Directeur-fondateur de l’Institute of Management Studies, le nouveau Secrétaire-général de la BIMSTEC n’a pas d’expérience internationale autre que celle d’avoir effectué ses études supérieures au Royaume-Uni ([2]). Il lui faudra néanmoins se plonger très vite dans des dossiers de coopération complexes où chaque État – membre est soucieux de sa souveraineté, mobiliser des ressources humaines souvent insuffisantes et trouver des financements à des projets notamment de connectivité qui en manquent. Pour marquer de son empreinte l’institution, le temps lui sera compté car le mandat qui l’attend est de trois ans. Il sera non renouvelable selon les statuts instauré il y a six ans à la prise de fonction du sri-lankais Sumith Nakandala.
Coordonner et faciliter
Il faudra donc à Tenzin Lekphell coordonner et faciliter la mise en œuvre des activités et travailler en bonne synergie avec la présidence sri-lankaise qui court encore pendant quatre mois, avant que celle-ci ne revienne entre les mains de la Thaïlande jusqu’en 2022. A très court terme, l’objectif est de pouvoir parapher plusieurs accords notamment ceux relatifs à l’entraide judiciaire régionale en matière pénale, à la création d’une facilité de transferts des technologies BIMSTEC (TTF) et à la coopération mutuelle entre les académies diplomatiques.

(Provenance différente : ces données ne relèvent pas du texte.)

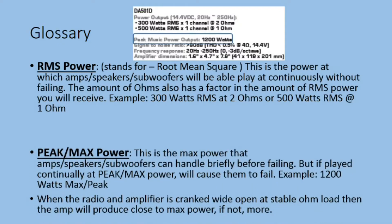For peak or max power, this is the max power that amps, speakers, and subwoofers can handle briefly before failing. But if played continually at peak or max power, this will cause them to fail. For example, 1200 watts max or peak, according to the chart up front.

A n’en pas douter à cette liste devrait venir s’ajouter un chapitre coopératif consacré au domaine des politiques de santé publique. Bien que le BIMSTEC se soit consacrée jusqu’ici aux échanges sur les médecines traditionnelles, la COVID-19 va s’inviter à l’agenda de cette organisation régionale comme elle s’est déjà imposée dans toutes les institutions intrasiatiques. C’est si vrai que la BIMSTEC vient d’établir un protocole d’accord entre son secrétariat et la Banque asiatique de développement (ADB) pour obtenir un plus grand soutien aux projets d »e santé publique dans la sous-région.
François Guilbert
[1] Bangkok : 31 juillet 2004, New Delhi : 13 novembre 2008, Nay Pyi Taw : 4 mars 2014, Katmandou : 30 – 31 août 2018.
[2] Diplômé d’une maîtrise de sciences agricoles de l’université de Londres.